HMRC have been consulting on the digitalization of tax returns for quite a while now, and it’s findings have been somewhat disturbing for small businesses. The Making Tax Digital project has been much vaunted by the government since its establishment within mid 2015, and the project is well known to impose quarterly digital tax recording upon small and medium sized enterprises.
This is mostly due to the fact that under the new system to provide taxation information online, mandatory quarterly digital tax reporting.
Without the aid of a chartered accountant in North Wales or beyond, this can be rather daunting for most small to medium sized businesses – especially given the fact that it has been reported that most businesses that do not benefit from the aid of an accountant and tax advisor service do not keep electronic accounts of detailed records.
A report by Lloyds Bank states that “1.4 million small businesses have no digital skills whatsoever” and HMRC has recently admitted that it had underestimated the impact of Making Tax Digital on small businesses which are included within this figure. Another issue is also the Government’s promise to allocate free software to assist with making the mandatory digital tax reports.
Making Tax Digital was introduced by the Government for the best of reasons, estimating overall cost savings for small businesses utilising what was touted as a simplified way to do tax in the region of £85m to £250m. But, it seems that it isn’t quite working out that way.

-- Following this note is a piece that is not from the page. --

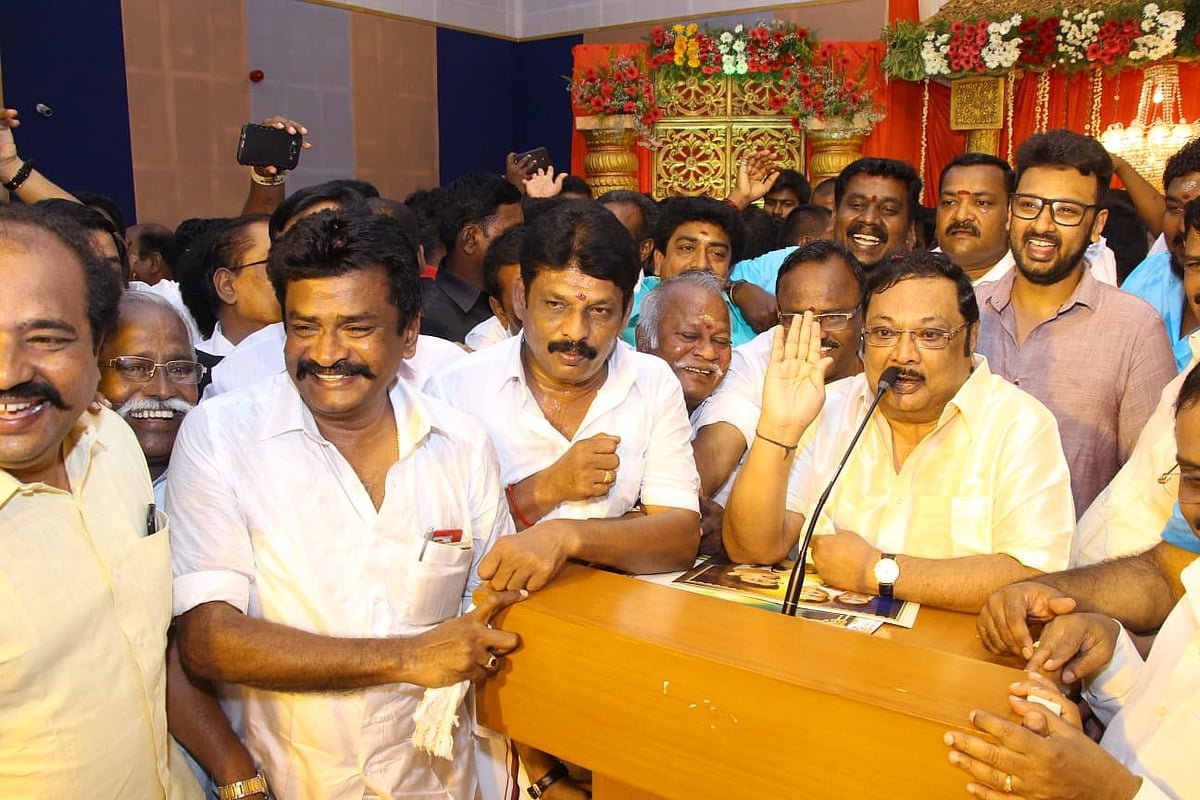 அழகிரியுடம் மன்னன்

HMRC has started to consult upon the service itself, and have suggested that as businesses become more computer literate within the long term, Making Tax Digital will indeed start to benefit them.
But for now, given all of the problems with Making Tax Digital as it stands, having a chartered accountant and/or Tax Advisor doing the sums and submitting reports for those less inclined with computers seems the safest option overall when it comes to complying with the Government’s demands.